持火把的人身形高大,走路一瘸一拐,拄著一桿長矛。
黑熊迎上去,看到對方面容不由皺眉:“你是何人?”
“你又是何人?”
見附近拾撿木柴的道兵靠近,對方開口:“某家魏越,魏揚祖。”
“我叫黑熊。”
黑熊指揮道兵將木柴堆積到面前,魏越也將火把遞出,燃起火焰。
周圍溫暖明亮起來,魏越一時不知道該說什么,猶豫再三:“我聽人說,將軍是呂溫侯之子?”
“誰說的?”
“這里人都這么說,這里很多人受牽招強征,見過將軍幾次。”
魏越攏了攏身上披著的羊皮大氅,打量黑熊幾次,又說:“可否讓老朽看看將軍容顏。
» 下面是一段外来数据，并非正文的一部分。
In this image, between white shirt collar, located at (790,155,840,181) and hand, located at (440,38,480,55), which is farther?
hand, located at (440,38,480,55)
”
黑熊抬手揭下自己的銅面具,將遮面籠巾取下,魏越小心靠近看了看,心中相信了七八分。
在黑熊眼中,這家伙竟然點著頭,得寸進尺:“那太史文恭將軍可在?”
黑熊想法生出,附近躺在土坑里的呂布爬了起來,來到篝火附近,也抬手摘
露出一張二十七八歲,肌膚飽滿的面容。
魏越見了嚇退兩三步踉蹌倒地,指著呂布:“你是人是鬼!”
呂布不吱聲,重新以白紗遮面,掛好面具。
黑熊看著魏越:“你是?”
魏越更感疑惑,掙扎站起來:“兄長怎么死而復生?容顏竟也如此變化?”
他很清楚,呂布已經死了,不忍心親兵團無謂死傷,放棄抵抗后請降,卻被當眾絞死并斬首。
雖然不在下邳,但追隨呂布的鄉黨陸續回來。
“這不能說是死而復生。”
黑熊見兩個道兵抬來原木,就面對著篝火落座,魏越也不見外,坐在他身邊。
想了想,黑熊就說:“人之生死,不過是氣之聚散。臨死之人,那口氣若是凝聚不散,自會生出變化。現在的溫侯,算起來是將死未死之人,還未死透。也不能開口,否則氣散則神散,形體也會崩散。”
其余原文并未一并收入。